InMemoryVectorStore#

class langchain_core.vectorstores.in_memory.InMemoryVectorStore(embedding: Embeddings)[source]#

In-memory vector store implementation.

Uses a dictionary, and computes cosine similarity for search using numpy.

Setup:

Install langchain-core.

pip install -U langchain-core
Key init args — indexing params:
embedding_function: Embeddings

Embedding function to use.

Instantiate:
from langchain_core.vectorstores import InMemoryVectorStore
from langchain_openai import OpenAIEmbeddings

vector_store = InMemoryVectorStore(OpenAIEmbeddings())
Add Documents:
from langchain_core.documents import Document

document_1 = Document(id="1", page_content="foo", metadata={"baz": "bar"})
document_2 = Document(id="2", page_content="thud", metadata={"bar": "baz"})
document_3 = Document(id="3", page_content="i will be deleted :(")

documents = [document_1, document_2, document_3]
vector_store.add_documents(documents=documents)
Delete Documents:
vector_store.delete(ids=["3"])
Search:
results = vector_store.similarity_search(query="thud",k=1)
for doc in results:
    print(f"* {doc.page_content} [{doc.metadata}]")
* thud [{'bar': 'baz'}]
Search with filter:
def _filter_function(doc: Document) -> bool:
    return doc.metadata.get("bar") == "baz"

results = vector_store.similarity_search(
    query="thud", k=1, filter=_filter_function
)
for doc in results:
    print(f"* {doc.page_content} [{doc.metadata}]")
* thud [{'bar': 'baz'}]
Search with score:
results = vector_store.similarity_search_with_score(
    query="qux", k=1
)
for doc, score in results:
    print(f"* [SIM={score:3f}] {doc.page_content} [{doc.metadata}]")
* [SIM=0.832268] foo [{'baz': 'bar'}]
Async:
# add documents
# await vector_store.aadd_documents(documents=documents)

# delete documents
# await vector_store.adelete(ids=["3"])

# search
# results = vector_store.asimilarity_search(query="thud", k=1)

# search with score
results = await vector_store.asimilarity_search_with_score(query="qux", k=1)
for doc,score in results:
    print(f"* [SIM={score:3f}] {doc.page_content} [{doc.metadata}]")
* [SIM=0.832268] foo [{'baz': 'bar'}]
Use as Retriever:
retriever = vector_store.as_retriever(
    search_type="mmr",
    search_kwargs={"k": 1, "fetch_k": 2, "lambda_mult": 0.5},
)
retriever.invoke("thud")
[Document(id='2', metadata={'bar': 'baz'}, page_content='thud')]

Initialize with the given embedding function.

Parameters:

embedding (Embeddings) – embedding function to use.

Attributes

embeddings

Access the query embedding object if available.

Methods

__init__(embedding)

Initialize with the given embedding function.

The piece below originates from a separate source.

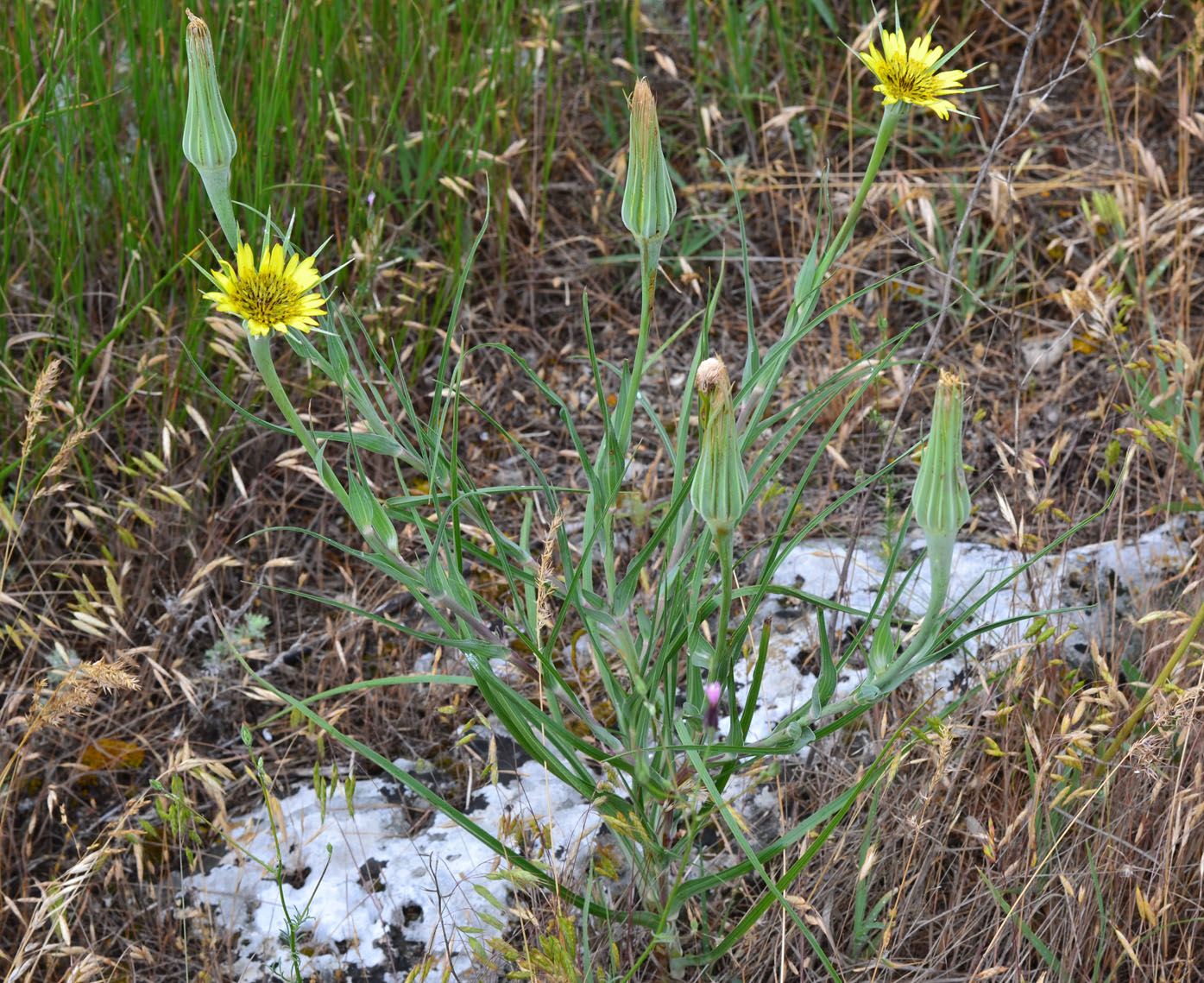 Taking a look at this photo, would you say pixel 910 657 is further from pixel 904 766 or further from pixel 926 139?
pixel 926 139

aadd_documents(documents[, ids])

Add documents to the store.

aadd_texts(texts[, metadatas])

Async run more texts through the embeddings and add to the vectorstore.

add_documents(documents[, ids])

Add documents to the store.

add_texts(texts[, metadatas])

Run more texts through the embeddings and add to the vectorstore.

adelete([ids])

Async delete by vector ID or other criteria.

afrom_documents(documents, embedding, **kwargs)

Async return VectorStore initialized from documents and embeddings.

afrom_texts(texts, embedding[, metadatas])

Async return VectorStore initialized from texts and embeddings.

aget_by_ids(ids, /)

Async get documents by their ids.

amax_marginal_relevance_search(query[, k, ...])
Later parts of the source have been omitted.